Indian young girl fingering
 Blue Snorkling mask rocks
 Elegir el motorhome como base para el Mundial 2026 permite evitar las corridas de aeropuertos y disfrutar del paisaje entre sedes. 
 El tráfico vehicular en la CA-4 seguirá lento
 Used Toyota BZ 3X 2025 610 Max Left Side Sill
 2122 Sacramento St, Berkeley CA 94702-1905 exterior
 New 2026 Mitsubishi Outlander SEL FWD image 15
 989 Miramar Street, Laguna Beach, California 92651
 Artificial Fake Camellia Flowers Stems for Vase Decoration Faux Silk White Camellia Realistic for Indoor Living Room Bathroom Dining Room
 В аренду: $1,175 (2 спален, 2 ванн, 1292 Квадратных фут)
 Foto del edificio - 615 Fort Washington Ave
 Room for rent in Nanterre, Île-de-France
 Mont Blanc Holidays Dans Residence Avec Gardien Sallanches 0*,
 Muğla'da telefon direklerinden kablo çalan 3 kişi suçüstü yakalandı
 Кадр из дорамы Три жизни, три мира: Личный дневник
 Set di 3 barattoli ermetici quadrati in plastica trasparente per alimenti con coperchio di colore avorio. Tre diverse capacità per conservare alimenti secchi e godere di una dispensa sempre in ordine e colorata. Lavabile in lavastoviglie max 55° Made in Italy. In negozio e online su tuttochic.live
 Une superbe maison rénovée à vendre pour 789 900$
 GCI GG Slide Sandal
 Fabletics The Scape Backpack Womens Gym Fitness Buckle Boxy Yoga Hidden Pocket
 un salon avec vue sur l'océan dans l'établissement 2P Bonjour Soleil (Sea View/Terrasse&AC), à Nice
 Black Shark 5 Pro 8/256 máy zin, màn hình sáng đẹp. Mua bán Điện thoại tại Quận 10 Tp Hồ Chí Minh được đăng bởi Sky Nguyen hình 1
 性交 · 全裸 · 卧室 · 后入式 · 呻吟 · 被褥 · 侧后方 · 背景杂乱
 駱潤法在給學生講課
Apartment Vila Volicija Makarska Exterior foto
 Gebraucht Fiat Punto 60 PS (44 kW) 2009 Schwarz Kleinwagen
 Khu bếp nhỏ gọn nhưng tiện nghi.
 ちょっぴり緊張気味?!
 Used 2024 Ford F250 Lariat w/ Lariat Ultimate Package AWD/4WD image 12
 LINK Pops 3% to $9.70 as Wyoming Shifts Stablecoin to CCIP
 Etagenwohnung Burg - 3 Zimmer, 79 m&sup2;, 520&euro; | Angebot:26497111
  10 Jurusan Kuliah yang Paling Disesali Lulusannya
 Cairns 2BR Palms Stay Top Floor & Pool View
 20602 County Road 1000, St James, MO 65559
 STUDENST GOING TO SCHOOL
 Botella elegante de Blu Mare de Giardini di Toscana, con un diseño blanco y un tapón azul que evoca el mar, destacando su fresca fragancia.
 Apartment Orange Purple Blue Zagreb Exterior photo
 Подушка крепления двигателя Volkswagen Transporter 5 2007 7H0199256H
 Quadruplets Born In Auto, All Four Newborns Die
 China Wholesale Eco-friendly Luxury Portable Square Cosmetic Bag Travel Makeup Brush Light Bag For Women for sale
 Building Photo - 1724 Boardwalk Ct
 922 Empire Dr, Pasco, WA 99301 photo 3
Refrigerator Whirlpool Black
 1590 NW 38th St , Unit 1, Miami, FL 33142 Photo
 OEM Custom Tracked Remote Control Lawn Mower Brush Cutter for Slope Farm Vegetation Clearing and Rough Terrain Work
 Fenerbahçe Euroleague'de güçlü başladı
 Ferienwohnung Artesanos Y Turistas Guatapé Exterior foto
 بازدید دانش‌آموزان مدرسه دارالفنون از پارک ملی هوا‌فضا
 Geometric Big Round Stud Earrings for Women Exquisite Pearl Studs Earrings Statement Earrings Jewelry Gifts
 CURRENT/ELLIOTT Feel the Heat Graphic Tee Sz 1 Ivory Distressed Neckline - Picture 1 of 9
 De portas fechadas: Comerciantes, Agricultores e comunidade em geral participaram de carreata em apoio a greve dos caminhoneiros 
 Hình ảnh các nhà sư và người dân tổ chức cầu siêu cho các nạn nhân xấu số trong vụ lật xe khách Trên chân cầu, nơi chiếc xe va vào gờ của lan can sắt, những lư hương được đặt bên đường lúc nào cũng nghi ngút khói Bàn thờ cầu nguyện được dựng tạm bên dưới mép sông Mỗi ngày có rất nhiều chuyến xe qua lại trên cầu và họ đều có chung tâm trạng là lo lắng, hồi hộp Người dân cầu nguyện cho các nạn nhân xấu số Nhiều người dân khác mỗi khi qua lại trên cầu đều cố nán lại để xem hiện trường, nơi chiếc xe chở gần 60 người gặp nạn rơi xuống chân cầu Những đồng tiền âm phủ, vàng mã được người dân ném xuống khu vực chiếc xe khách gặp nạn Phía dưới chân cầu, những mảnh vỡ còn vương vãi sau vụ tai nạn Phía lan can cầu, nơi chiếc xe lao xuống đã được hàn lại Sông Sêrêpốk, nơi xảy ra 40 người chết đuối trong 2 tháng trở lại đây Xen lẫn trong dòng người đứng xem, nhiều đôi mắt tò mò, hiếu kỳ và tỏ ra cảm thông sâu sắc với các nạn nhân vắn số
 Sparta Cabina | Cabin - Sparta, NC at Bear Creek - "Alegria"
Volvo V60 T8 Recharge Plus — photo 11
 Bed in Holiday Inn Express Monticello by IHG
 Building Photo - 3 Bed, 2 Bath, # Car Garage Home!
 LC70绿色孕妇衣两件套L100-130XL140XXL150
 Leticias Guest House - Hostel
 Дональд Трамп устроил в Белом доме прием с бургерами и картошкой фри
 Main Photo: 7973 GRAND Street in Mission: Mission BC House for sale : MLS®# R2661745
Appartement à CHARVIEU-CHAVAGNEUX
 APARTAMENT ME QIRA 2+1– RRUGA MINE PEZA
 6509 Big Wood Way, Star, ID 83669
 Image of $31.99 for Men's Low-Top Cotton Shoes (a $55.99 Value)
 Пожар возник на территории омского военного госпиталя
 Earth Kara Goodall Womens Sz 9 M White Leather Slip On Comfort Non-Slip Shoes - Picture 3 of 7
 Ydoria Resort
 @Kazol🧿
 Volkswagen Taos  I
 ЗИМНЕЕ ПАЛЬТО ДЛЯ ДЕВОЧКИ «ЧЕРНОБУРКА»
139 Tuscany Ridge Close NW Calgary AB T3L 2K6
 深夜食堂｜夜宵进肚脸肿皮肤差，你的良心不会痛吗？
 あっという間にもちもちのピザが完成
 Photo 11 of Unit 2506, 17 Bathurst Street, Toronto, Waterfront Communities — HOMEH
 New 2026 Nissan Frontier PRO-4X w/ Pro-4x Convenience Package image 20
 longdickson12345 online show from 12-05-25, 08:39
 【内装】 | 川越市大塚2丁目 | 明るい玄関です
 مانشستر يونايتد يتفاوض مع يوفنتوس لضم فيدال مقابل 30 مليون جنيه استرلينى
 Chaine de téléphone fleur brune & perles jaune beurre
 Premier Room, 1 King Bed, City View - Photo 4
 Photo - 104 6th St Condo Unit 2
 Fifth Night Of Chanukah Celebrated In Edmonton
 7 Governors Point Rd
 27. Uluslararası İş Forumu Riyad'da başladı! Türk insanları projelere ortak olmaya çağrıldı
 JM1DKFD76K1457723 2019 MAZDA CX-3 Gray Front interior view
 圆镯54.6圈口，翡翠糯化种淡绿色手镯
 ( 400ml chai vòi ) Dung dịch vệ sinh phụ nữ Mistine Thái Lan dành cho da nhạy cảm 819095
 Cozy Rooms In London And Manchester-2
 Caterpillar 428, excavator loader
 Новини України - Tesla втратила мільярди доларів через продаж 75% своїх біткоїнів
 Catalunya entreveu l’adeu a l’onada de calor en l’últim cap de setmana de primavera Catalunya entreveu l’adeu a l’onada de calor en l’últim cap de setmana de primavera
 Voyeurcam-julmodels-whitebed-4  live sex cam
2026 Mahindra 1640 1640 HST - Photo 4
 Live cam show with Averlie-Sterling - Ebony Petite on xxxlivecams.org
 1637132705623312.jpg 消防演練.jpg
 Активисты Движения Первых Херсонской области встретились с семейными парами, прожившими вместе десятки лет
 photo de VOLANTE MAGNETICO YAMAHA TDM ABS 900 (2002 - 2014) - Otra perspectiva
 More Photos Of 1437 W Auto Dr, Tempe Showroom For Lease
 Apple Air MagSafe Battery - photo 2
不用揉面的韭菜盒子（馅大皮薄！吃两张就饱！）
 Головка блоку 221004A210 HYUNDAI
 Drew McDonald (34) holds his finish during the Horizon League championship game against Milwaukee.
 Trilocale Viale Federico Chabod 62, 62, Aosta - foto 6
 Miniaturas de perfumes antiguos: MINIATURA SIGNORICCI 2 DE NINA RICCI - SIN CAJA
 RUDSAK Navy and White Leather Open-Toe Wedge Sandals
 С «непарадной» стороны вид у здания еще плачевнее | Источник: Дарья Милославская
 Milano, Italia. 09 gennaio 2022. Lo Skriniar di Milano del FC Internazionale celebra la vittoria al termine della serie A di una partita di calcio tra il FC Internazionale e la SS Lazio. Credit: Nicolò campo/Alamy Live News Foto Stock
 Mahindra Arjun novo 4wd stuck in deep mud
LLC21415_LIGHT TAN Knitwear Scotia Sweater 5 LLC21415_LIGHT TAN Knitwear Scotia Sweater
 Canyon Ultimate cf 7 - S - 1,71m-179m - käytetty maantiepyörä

——————————

§ **DIRECTIONS FOR THIS TASK**
Report each line above containing the string "Blue".

§ **ANSWER FOR THIS EXERCISE**
 Blue Snorkling mask rocks
 Apartment Orange Purple Blue Zagreb Exterior photo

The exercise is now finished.